- **INSTRUCTIONS TO FOLLOW**: Beneath this line is the data. Output exactly the lines from the line with "Levoire | Femme" to the line with "puzzle multicolore dessin", both ends included, and nothing more.

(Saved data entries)
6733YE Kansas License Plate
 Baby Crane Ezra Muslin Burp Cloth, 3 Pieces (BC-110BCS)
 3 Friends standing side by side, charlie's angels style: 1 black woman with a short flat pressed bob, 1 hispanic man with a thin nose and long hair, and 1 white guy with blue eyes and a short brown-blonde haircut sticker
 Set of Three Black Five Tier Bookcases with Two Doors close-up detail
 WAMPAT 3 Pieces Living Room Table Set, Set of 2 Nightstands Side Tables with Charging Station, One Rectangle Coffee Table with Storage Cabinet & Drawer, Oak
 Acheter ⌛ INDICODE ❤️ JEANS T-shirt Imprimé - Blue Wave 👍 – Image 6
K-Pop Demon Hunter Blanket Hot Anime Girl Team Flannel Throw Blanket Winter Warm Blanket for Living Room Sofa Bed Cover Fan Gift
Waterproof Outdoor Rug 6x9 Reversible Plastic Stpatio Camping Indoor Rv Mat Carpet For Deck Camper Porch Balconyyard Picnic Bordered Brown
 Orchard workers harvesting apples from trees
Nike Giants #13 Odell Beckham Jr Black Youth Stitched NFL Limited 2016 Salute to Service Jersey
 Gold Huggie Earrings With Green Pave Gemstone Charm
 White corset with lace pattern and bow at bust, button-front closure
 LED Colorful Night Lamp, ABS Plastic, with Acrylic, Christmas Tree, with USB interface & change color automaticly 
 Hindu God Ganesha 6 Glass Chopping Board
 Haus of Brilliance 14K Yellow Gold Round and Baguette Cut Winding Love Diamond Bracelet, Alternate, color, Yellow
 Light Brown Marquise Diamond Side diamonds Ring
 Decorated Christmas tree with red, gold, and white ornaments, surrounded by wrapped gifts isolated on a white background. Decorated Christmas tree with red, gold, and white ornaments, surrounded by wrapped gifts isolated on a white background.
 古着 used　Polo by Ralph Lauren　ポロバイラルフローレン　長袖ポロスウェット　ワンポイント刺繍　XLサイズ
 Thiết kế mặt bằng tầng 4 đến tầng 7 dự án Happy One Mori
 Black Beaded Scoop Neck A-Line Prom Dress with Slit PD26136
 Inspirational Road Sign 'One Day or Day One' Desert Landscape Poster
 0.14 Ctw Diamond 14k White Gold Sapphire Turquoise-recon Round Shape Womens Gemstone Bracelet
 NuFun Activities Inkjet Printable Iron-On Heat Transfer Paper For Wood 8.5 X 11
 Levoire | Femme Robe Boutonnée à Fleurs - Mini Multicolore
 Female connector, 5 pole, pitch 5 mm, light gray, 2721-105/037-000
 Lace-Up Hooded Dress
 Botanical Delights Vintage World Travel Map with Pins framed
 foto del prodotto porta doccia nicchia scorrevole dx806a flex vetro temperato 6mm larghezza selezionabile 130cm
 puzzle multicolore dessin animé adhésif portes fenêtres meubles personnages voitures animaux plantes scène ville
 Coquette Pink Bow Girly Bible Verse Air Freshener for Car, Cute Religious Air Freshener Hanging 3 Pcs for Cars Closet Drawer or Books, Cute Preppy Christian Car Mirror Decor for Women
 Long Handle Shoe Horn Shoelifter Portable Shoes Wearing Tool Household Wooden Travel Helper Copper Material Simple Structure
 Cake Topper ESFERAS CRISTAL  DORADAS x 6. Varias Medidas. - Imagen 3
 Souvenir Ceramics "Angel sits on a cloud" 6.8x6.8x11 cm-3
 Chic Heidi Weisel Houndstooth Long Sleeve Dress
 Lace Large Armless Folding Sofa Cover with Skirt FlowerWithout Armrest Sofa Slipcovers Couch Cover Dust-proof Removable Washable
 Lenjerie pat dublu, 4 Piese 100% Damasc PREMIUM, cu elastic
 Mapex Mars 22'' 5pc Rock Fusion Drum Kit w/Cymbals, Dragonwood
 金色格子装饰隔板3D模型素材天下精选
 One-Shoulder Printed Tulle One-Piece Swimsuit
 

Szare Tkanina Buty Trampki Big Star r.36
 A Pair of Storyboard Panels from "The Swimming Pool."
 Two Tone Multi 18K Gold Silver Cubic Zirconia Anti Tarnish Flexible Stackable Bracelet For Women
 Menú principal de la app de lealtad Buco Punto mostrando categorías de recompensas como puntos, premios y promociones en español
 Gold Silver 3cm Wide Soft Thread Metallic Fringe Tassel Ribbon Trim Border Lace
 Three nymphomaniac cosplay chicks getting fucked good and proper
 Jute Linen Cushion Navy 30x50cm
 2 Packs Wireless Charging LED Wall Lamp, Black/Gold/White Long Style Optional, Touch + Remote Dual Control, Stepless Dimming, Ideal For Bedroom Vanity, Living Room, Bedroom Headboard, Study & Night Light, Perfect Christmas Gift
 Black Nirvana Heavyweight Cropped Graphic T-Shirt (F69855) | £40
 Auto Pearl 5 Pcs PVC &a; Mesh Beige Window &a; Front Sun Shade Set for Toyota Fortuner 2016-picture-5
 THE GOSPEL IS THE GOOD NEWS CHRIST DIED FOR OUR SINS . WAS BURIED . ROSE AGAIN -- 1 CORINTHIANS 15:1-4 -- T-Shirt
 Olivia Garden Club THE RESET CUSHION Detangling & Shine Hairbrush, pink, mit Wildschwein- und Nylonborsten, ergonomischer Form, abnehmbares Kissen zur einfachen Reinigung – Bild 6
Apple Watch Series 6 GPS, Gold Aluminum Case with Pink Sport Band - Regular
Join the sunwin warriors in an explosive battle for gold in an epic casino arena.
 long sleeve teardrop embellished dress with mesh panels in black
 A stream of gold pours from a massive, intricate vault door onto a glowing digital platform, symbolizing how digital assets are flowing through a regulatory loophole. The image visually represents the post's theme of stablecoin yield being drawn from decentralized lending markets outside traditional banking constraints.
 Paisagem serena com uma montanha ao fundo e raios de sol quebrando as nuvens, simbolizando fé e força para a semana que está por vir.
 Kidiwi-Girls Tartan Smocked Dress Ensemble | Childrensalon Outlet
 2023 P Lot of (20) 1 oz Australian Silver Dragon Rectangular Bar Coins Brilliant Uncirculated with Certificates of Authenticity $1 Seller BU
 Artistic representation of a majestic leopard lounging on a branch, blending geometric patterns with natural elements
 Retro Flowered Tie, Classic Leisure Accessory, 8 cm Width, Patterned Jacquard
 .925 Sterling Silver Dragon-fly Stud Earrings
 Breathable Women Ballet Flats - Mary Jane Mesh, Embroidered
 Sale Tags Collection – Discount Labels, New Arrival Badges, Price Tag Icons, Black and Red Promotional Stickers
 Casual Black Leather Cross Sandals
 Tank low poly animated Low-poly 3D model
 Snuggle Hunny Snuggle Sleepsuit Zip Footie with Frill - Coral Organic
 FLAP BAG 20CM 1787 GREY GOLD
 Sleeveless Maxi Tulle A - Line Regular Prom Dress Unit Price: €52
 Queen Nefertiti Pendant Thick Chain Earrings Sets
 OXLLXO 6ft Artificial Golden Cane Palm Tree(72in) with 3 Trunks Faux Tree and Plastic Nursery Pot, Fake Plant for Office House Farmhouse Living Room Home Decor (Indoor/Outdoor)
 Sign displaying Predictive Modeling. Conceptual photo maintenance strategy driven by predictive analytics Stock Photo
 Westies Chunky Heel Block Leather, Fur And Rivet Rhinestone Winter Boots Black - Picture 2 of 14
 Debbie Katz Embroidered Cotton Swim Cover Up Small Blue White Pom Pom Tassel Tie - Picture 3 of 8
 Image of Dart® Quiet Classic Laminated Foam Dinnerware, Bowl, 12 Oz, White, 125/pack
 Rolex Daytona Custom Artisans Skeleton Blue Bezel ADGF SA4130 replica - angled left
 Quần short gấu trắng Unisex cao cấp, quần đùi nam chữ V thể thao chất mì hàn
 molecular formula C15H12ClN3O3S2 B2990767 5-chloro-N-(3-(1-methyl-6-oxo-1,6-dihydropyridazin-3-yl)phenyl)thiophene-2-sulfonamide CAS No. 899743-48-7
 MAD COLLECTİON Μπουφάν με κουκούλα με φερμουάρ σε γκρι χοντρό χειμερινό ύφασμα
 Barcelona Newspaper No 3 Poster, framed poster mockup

- **WRITTEN ANSWER**:
 Levoire | Femme Robe Boutonnée à Fleurs - Mini Multicolore
 Female connector, 5 pole, pitch 5 mm, light gray, 2721-105/037-000
 Lace-Up Hooded Dress
 Botanical Delights Vintage World Travel Map with Pins framed
 foto del prodotto porta doccia nicchia scorrevole dx806a flex vetro temperato 6mm larghezza selezionabile 130cm
 puzzle multicolore dessin animé adhésif portes fenêtres meubles personnages voitures animaux plantes scène ville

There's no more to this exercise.